Tokenize text into syllables (default), words, or BPE subwords.

  • form="syllable" — regex-based syllable split. lang must be one of "mm", "karen", "mon", "shan".
  • form="word" — CRF-based word segmentation (Burmese only).
  • form="bpe" — Byte-Pair Encoding subwords. lang selects the bundled tokenizer: "multi" (default for BPE) uses the multilingual BPE; otherwise pass an ISO 639-3 code with a bundled model (mya, ksw, pwo, kvq, cnh, cfm, ctd, eky, shn).

Encoding conversion

ricelang.cvt2zg

ricelang.convert.cvt2zg

cvt2zg(text: str) -> str

Convert Unicode Burmese to Zawgyi.

ricelang.cvt2uni

ricelang.convert.cvt2uni

cvt2uni(text: str) -> str

Convert Zawgyi Burmese to Unicode.

ricelang.cvt2zgi

Alias for cvt2zg.
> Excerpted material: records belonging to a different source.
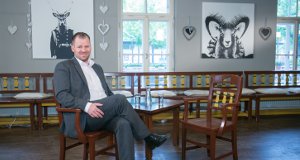 Fußi will streiten – Bild: Puls 4 Fußi will streiten – Bild: Puls 4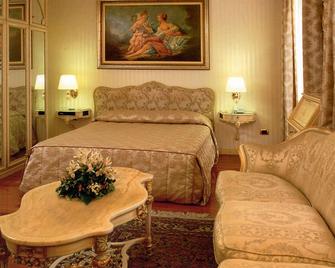 Andreola Central Hotel - Milano - Camera da letto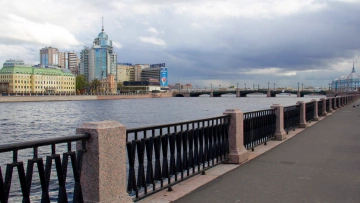 Петроградскую набережную отремонтируют за 6,4 млн рублей 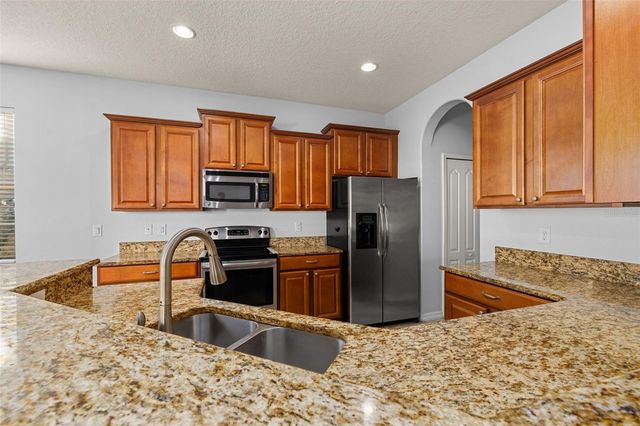 6829 SUNDROP STREET, Harmony, FL 34773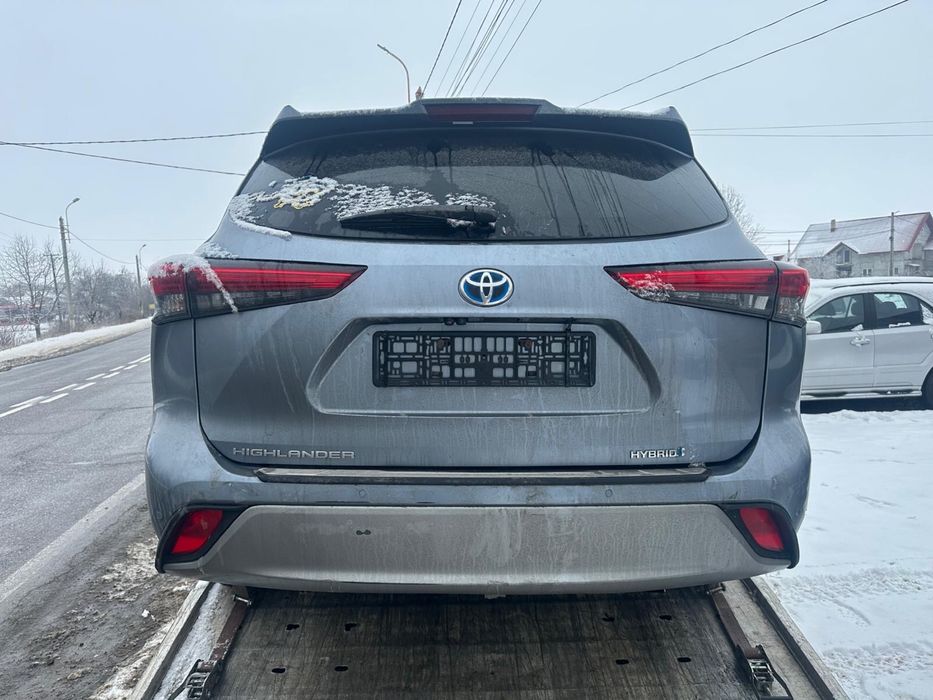 Dezmembrez toyota highlander 2.5benzina hibrid 2021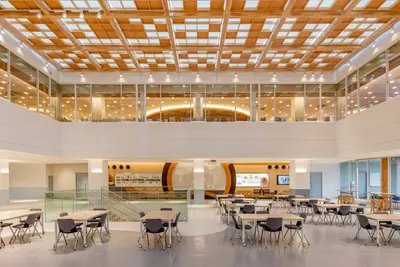 カネディアン・アカデミイ ヒストリーウォール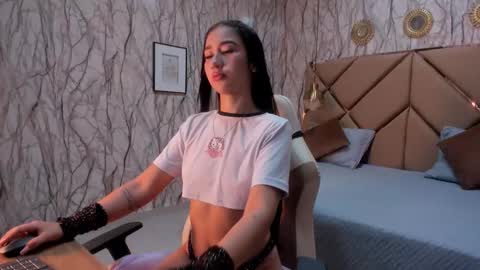 Snapshot of princess_anniee chatting on 09/15/25, 11:43 ANIEE online show from 09/15/25, 11:43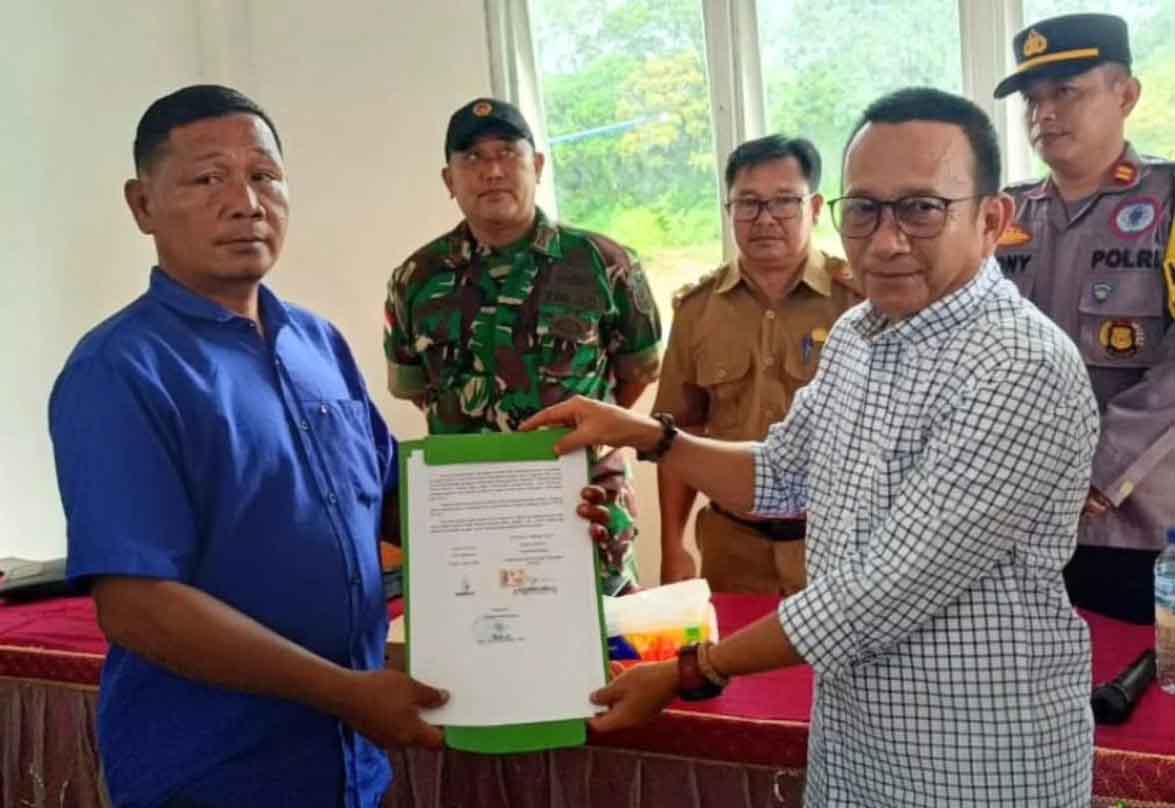 Dukung Mobilitas Anak Sekolah, Pemkab Nunukan Bantu 8 Perahu Ketinting ke Wilayah Lumbis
Preserved for backwards compatibility with the original pyidaungsu API.

Module metadata

ricelang.__version__

The installed library version, e.g. "0.4.3".

Lower-level utilities

For most use cases the top-level functions above are enough. These are exposed for callers that need finer control:

ricelang.scripts.script_detect

ricelang.scripts.script_detect

script_detect(text: str) -> Optional[str]

Return a label, "__shared_latin", "__shared_mymr", or None.

  • Concrete ISO label (e.g. "kor", "hin"): the text is in a script used by only one language we care about. No ML needed.
  • "__shared_latin" / "__shared_mymr": the text is dominantly in a shared script and needs the ML classifier to disambiguate.
  • None: no supported script dominates (e.g. emoji-only, pure punctuation, or text in some other script not in our table).

The Unicode-rule first stage of detect(). Returns:

  • An ISO 639-3 label if a monopoly-script rule fires
  • "__shared_latin" or "__shared_mymr" if the text is in a shared script (caller should run the ML classifier)
  • None if no supported script dominates the text

You won't normally call this directly — rl.detect() handles the dispatch.